(Dataset entries)
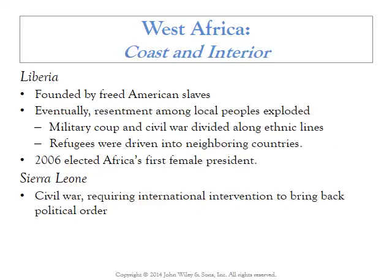Contrasting Senegal's relative stability, Liberia and Sierra Leone have been fragmented by civil war. Liberia fell into civil war in 1989 and didn't recover until the 2000s. It seems to have turned a corner, electing Africa's first female president in 2006.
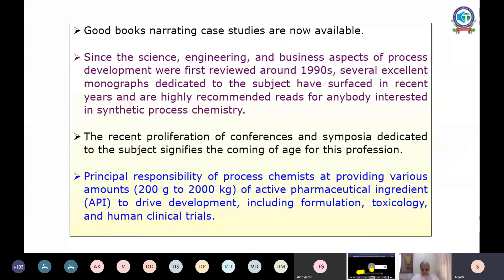Several excellent monographs dedicated to the subject have surfaced in recent years, and I highly recommend reads for anybody interested in synthetic process chemistry. The recent proliferation of conferences, symposia, or FDPs of this type dedicated to the subject signifies the coming age of this profession. The principal responsibility of a process chemist is providing various amounts — once the route is frozen — right from 200 grams to even 2000 kg of active pharmaceutical ingredient for development, formulation, and human trials.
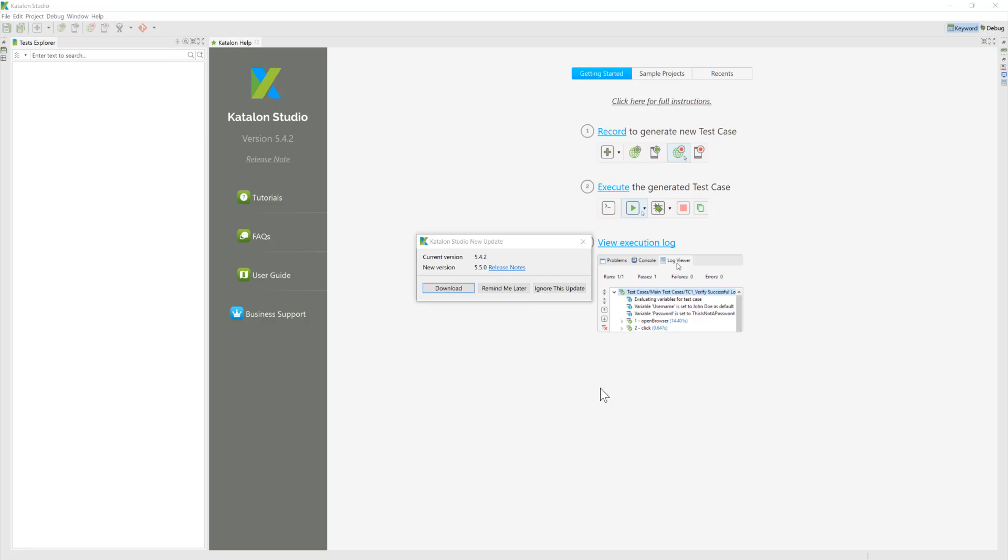It's time for the next upgrade from Katalon Studio and Katalon Studio 5.5 is out. So let's quickly see what are the new changes Katalon Studio has brought this time to us. Let's get started.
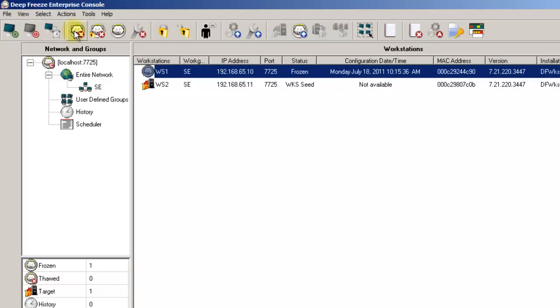The next group of options provide some of the more important and heavily used functions. The first of these is the Reboot Thawed option. This option allows you to reboot a workstation into a state which will allow software updates, patches and installations to take place. We actually recommend that unless the task will be performed in front of the workstation itself, you utilize the next option,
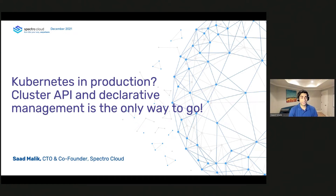Hi all and thank you for joining the session. My name is Saad Malik. I'm the CTO and co-founder at Spectral Cloud. Today we'll talk about the next phase of Kubernetes management, specifically looking at declarative management and how to do so with Cluster API.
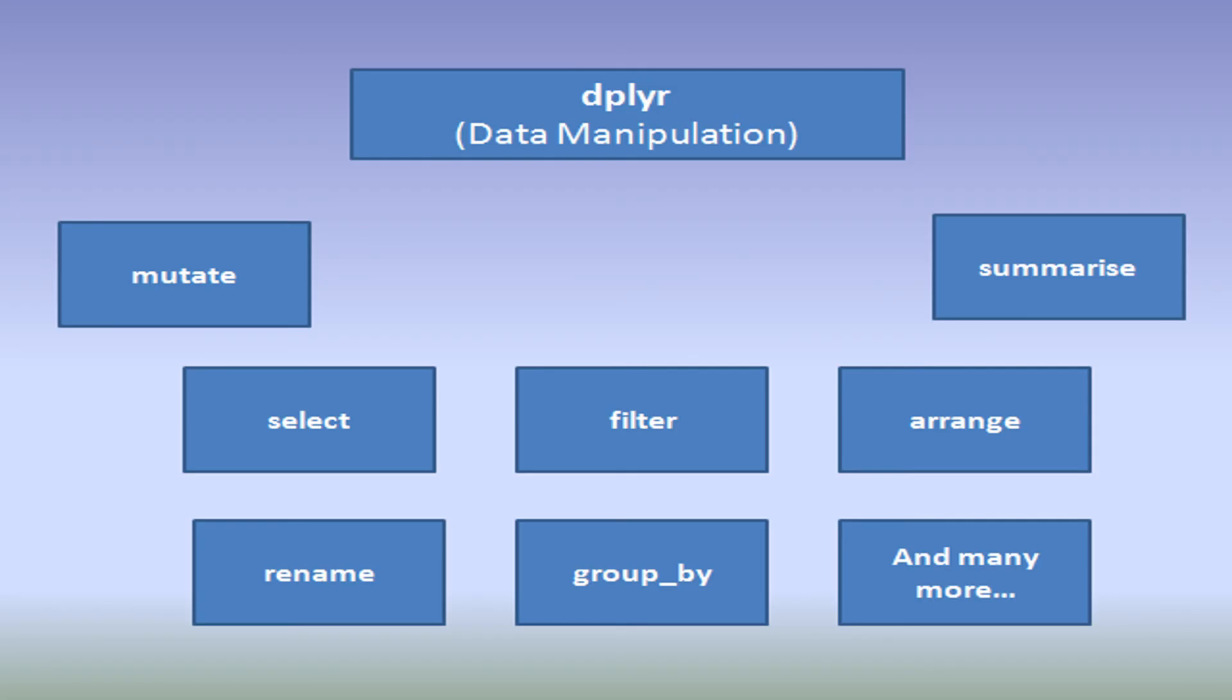So, that is all about mutate and rename function. I would recommend you to refer to my other videos as well to know more about other dplyr functions and other packages in R. Thank you.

• [Work instruction]
This exercise needs every entry retyped exactly, with the pictures removed.

• [Task solution]
Contrasting Senegal's relative stability, Liberia and Sierra Leone have been fragmented by civil war. Liberia fell into civil war in 1989 and didn't recover until the 2000s. It seems to have turned a corner, electing Africa's first female president in 2006.
Several excellent monographs dedicated to the subject have surfaced in recent years, and I highly recommend reads for anybody interested in synthetic process chemistry. The recent proliferation of conferences, symposia, or FDPs of this type dedicated to the subject signifies the coming age of this profession. The principal responsibility of a process chemist is providing various amounts — once the route is frozen — right from 200 grams to even 2000 kg of active pharmaceutical ingredient for development, formulation, and human trials.
It's time for the next upgrade from Katalon Studio and Katalon Studio 5.5 is out. So let's quickly see what are the new changes Katalon Studio has brought this time to us. Let's get started.
The next group of options provide some of the more important and heavily used functions. The first of these is the Reboot Thawed option. This option allows you to reboot a workstation into a state which will allow software updates, patches and installations to take place. We actually recommend that unless the task will be performed in front of the workstation itself, you utilize the next option,
Hi all and thank you for joining the session. My name is Saad Malik. I'm the CTO and co-founder at Spectral Cloud. Today we'll talk about the next phase of Kubernetes management, specifically looking at declarative management and how to do so with Cluster API.
So, that is all about mutate and rename function. I would recommend you to refer to my other videos as well to know more about other dplyr functions and other packages in R. Thank you.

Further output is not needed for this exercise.